S'il est louable, bien entendu, de prendre en considération le fait que les impacts environnementaux de certains projets ne s'arrêtent pas aux frontières nationales, le rapport de la commission est plutôt clair : « la convention ne [garantit] pas l'arrêt des projets ». L'amendement n'a pour seul objectif que de sensibiliser le public aux enjeux environnementaux.

Il est à préciser que lorsque nous avons approuvé, en juin 2001, la seule convention d'Espoo, les autres parties signataires avaient déjà pris acte de l'imperfection du texte et produit l'amendement qui nous intéresse aujourd'hui. Il faut aussi noter – cela a été dit – que l'Arménie, la Belgique, la Macédoine du Nord et le Royaume-Uni doivent encore cosigner l'amendement pour permettre sa mise en application.

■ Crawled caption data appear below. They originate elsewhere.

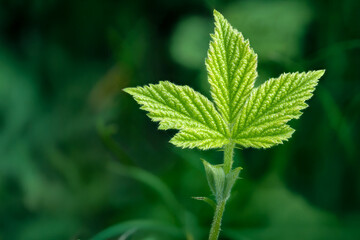 Close-Up of Single Green Leaf Against a Soft Blurred Background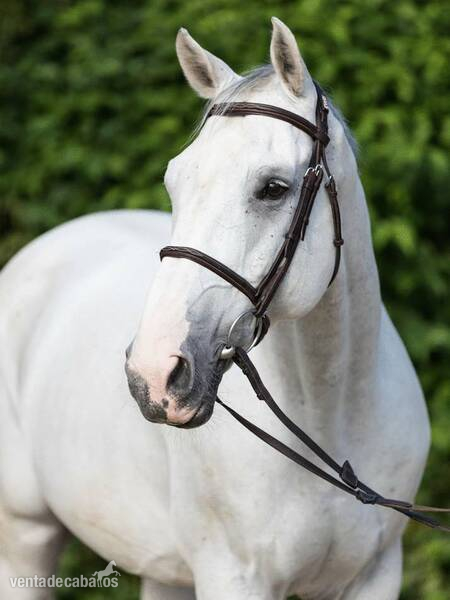 Absolutamente encantador castrado Holsteiner gris - Holstien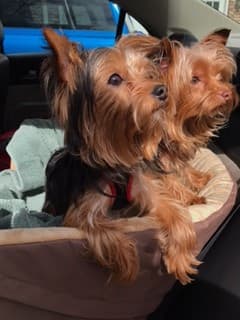 Yorkie dogs in car seat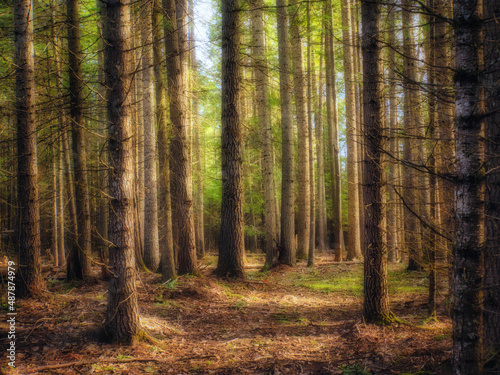 Forest in Autumn © Dan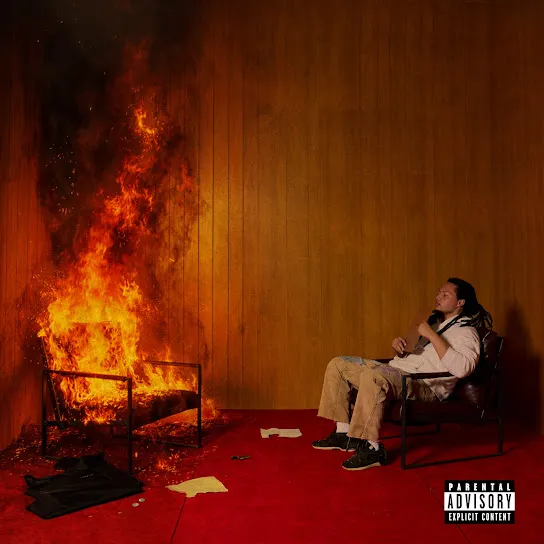 Domani - Shedding Skin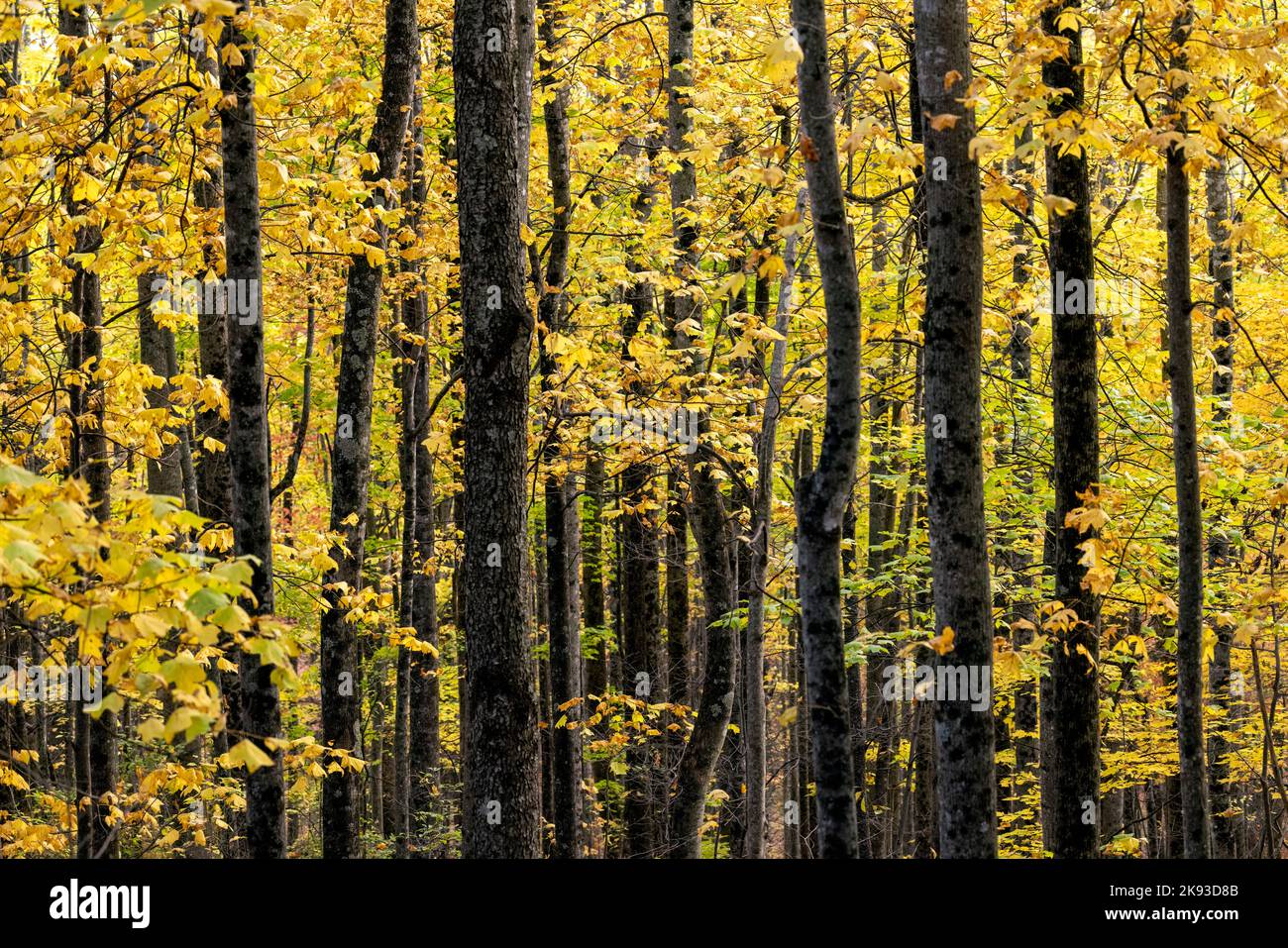 Couleur d'automne vibrante dans la forêt - Forêt nationale de Pisgah - près de Brevard, Caroline du Nord Etats-Unis Banque D'Images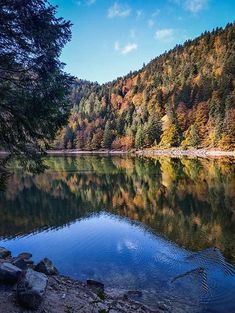 a body of water surrounded by trees in the fall season with colorful foliage on the mountains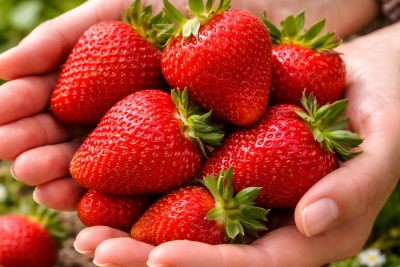 Чайная ложка до цветения — и клубника вырастает с крупный орех: секрет мясистых и сладких ягод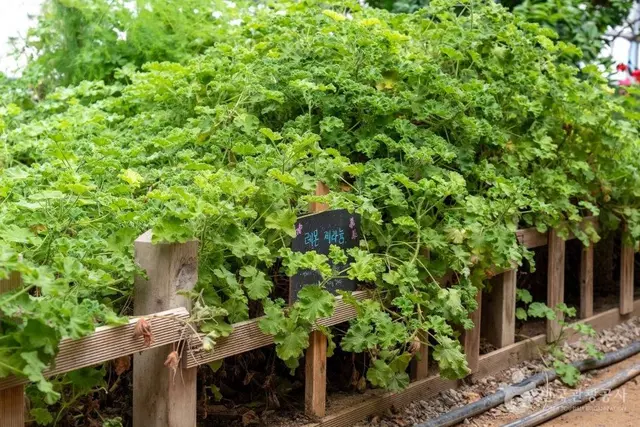 원평허브농원 사진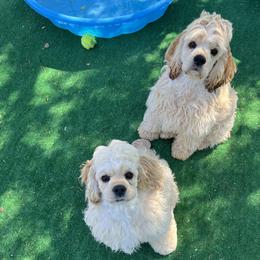 Cocker Spaniel All Grown Up from Shasta View Cockers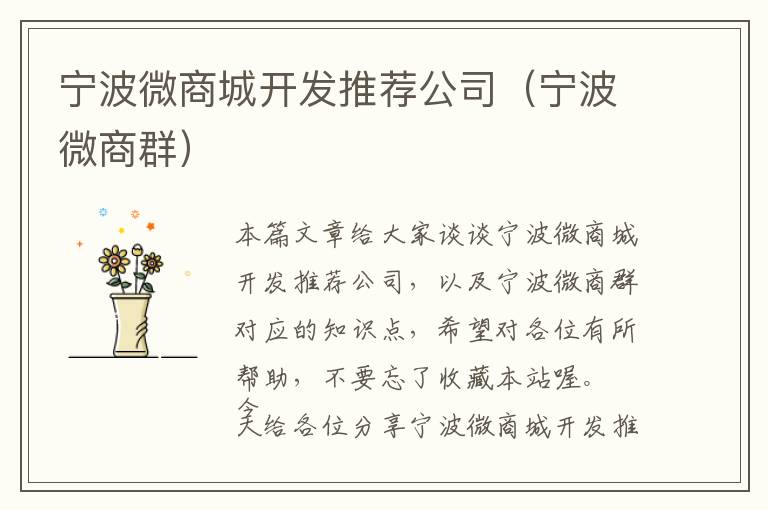 宁波微商城开发推荐公司(宁波微商群)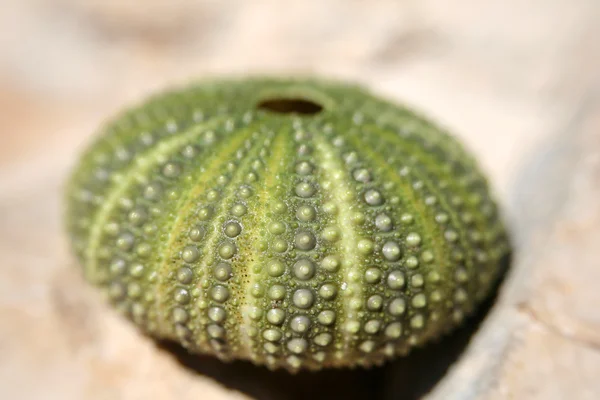 Sea urchin — Stock Photo, Image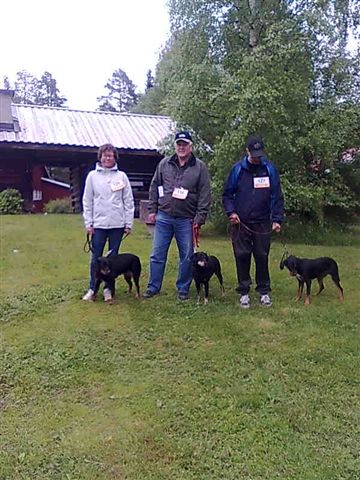 Från vänster: Slåtteråsens Kia, Slåtteråsens Pia och Slåtteråsens Rita. I mitten uppfödaren Rolf Eckerhall, Fåssjö.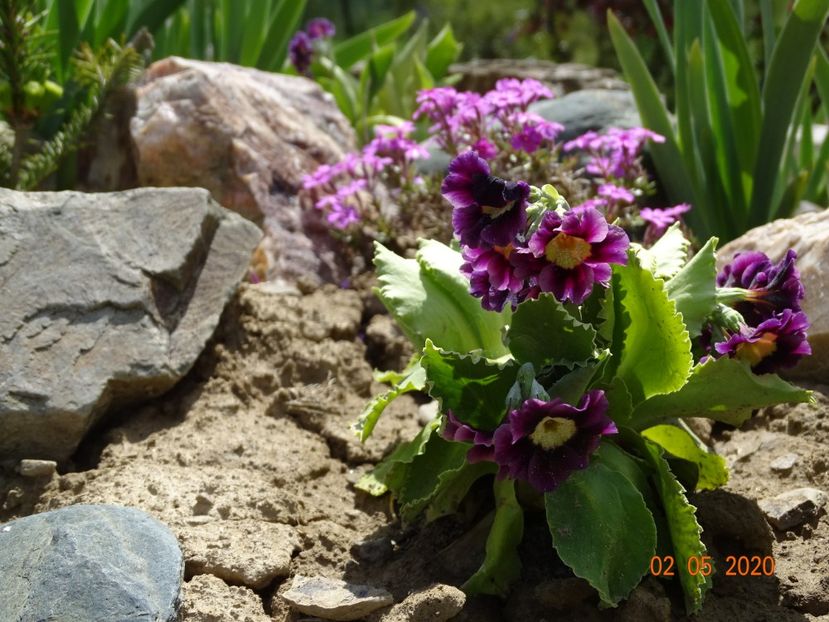 primula pubescens - Stancarie 2020 - inceputuri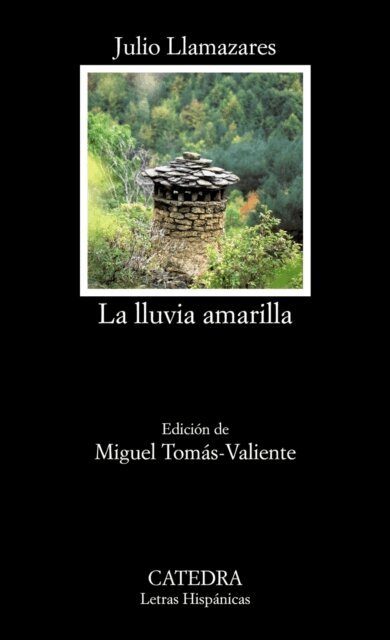 Julio Llamazares - La lluvia amarilla, E-bok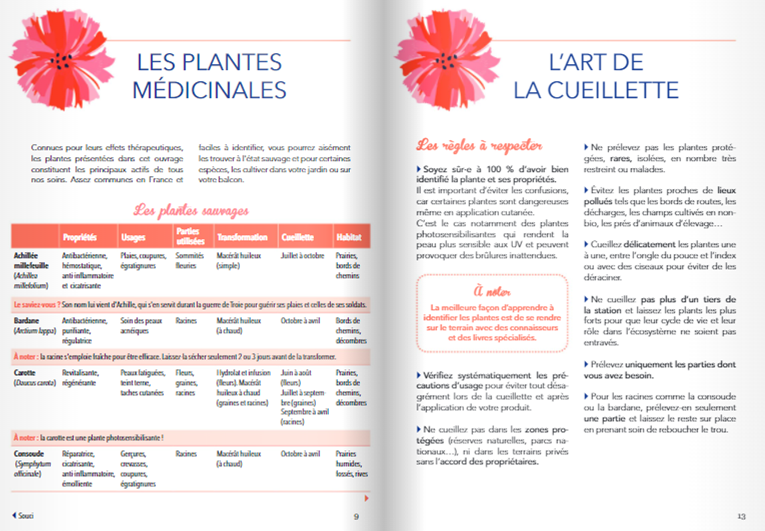 Miniature : Baumes et soins pour les petits bobos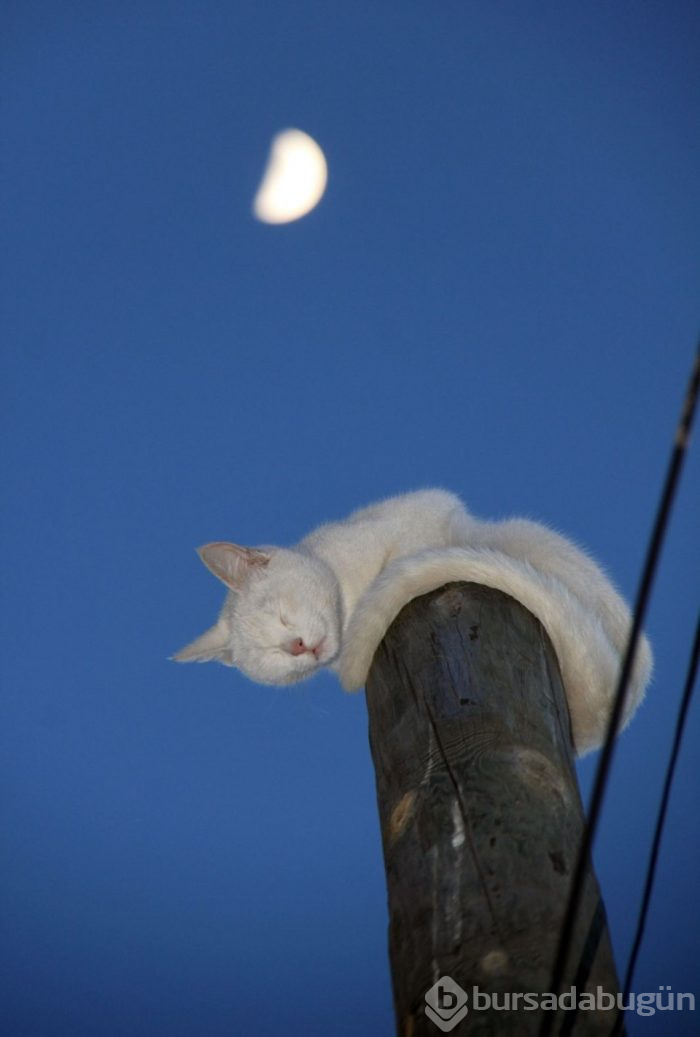  Kedi, korktuğu için çıktığı direkten 5 saat sonra indi 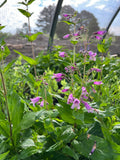 Small's Beardtongue Live Plant 4" Pot - Penstemon smallii - Full Sun to Part Shade - Native to North America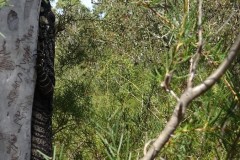 TheasHeart_Bulgandry_1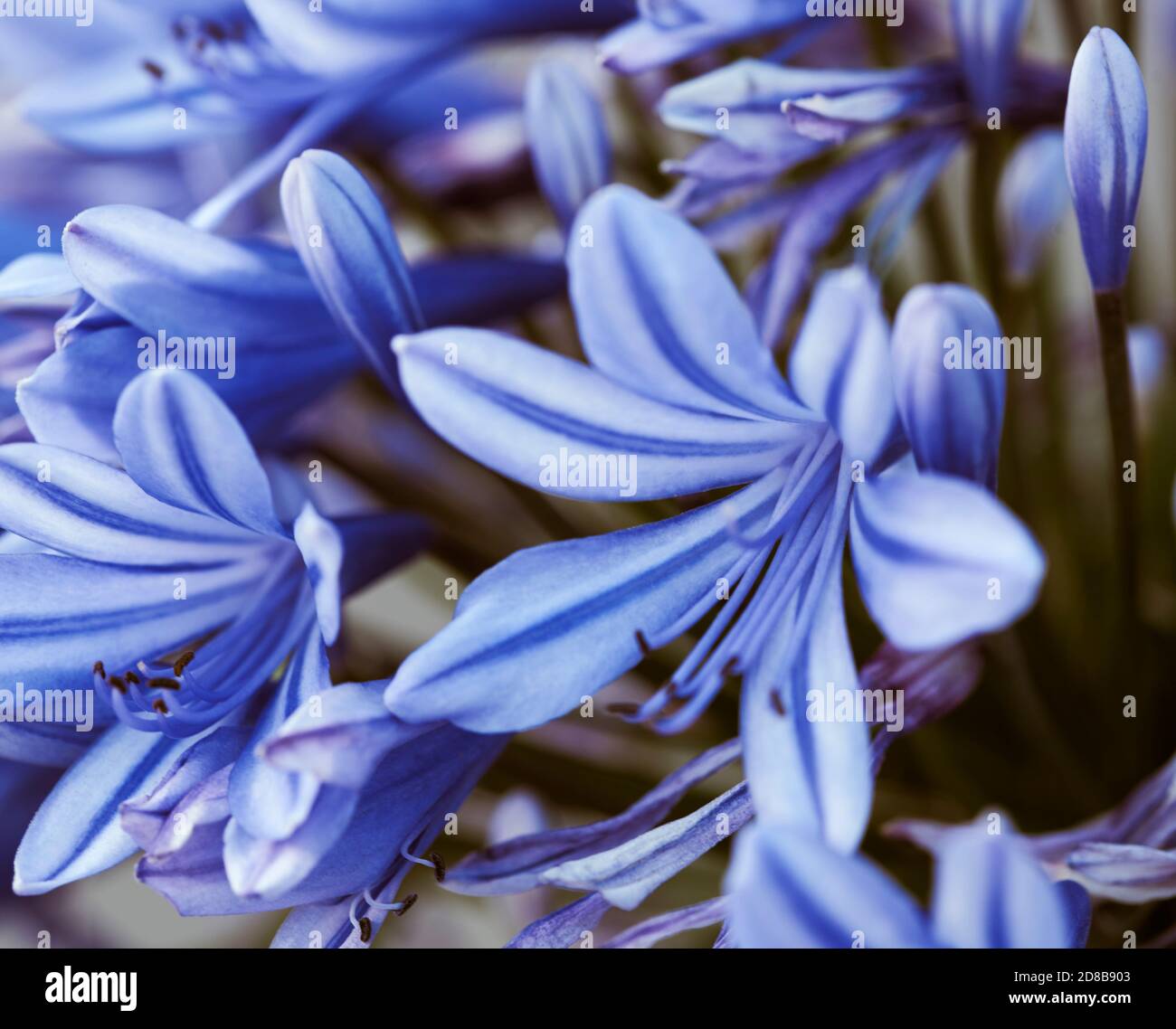 Fill the frame Agapanthus flower Stock Photo - Alamy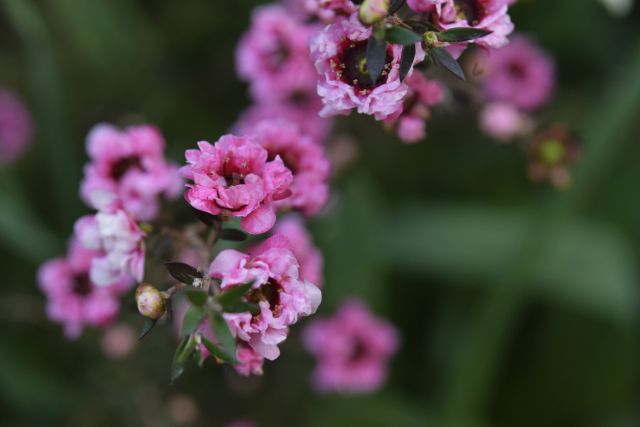 ギョリュウバイの花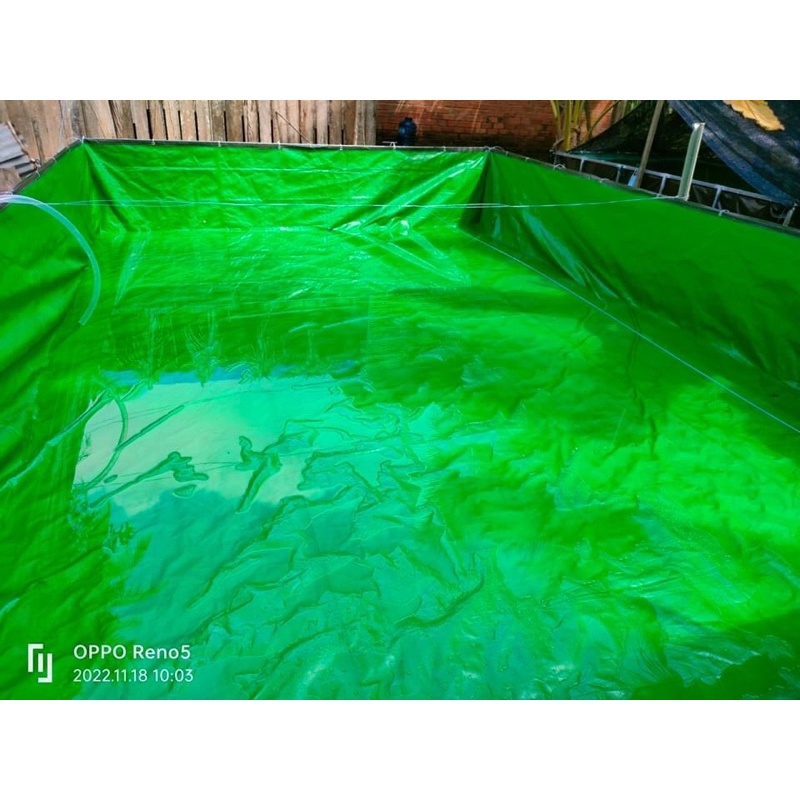 Hồ bạt nuôi cá, nuôi thuỷ sinh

Nous devons ensuite, dans un second temps, approuver le protocole du 21 mai 2003, dit de Kiev. Il vise à « assurer un degré élevé de protection de l'environnement, y compris de la santé », en prévoyant notamment que le public participe aux évaluations stratégiques environnementales. Il s'agit là d'un abus de langage, puisque l'article 8 du protocole limite cette participation à une consultation simple. L'article 4 prévoit que l'évaluation stratégique environnementale, à laquelle peuvent participer des organisations et des groupes, peut s'appliquer à l'élaboration de plans dans des secteurs divers allant de l'énergie à l'urbanisme en passant par le tourisme. Alors, nous faudra-t-il demander une évaluation stratégique environnementale pour faire visiter nos cathédrales et nos châteaux de Picardie ? De telles activités sont visées par le protocole, puisque l'alinéa 7 de l'article 2 mentionne « tout effet sur l'environnement, y compris sur […] les sites naturels, les biens matériels, le patrimoine culturel et l'interaction entre ces facteurs ».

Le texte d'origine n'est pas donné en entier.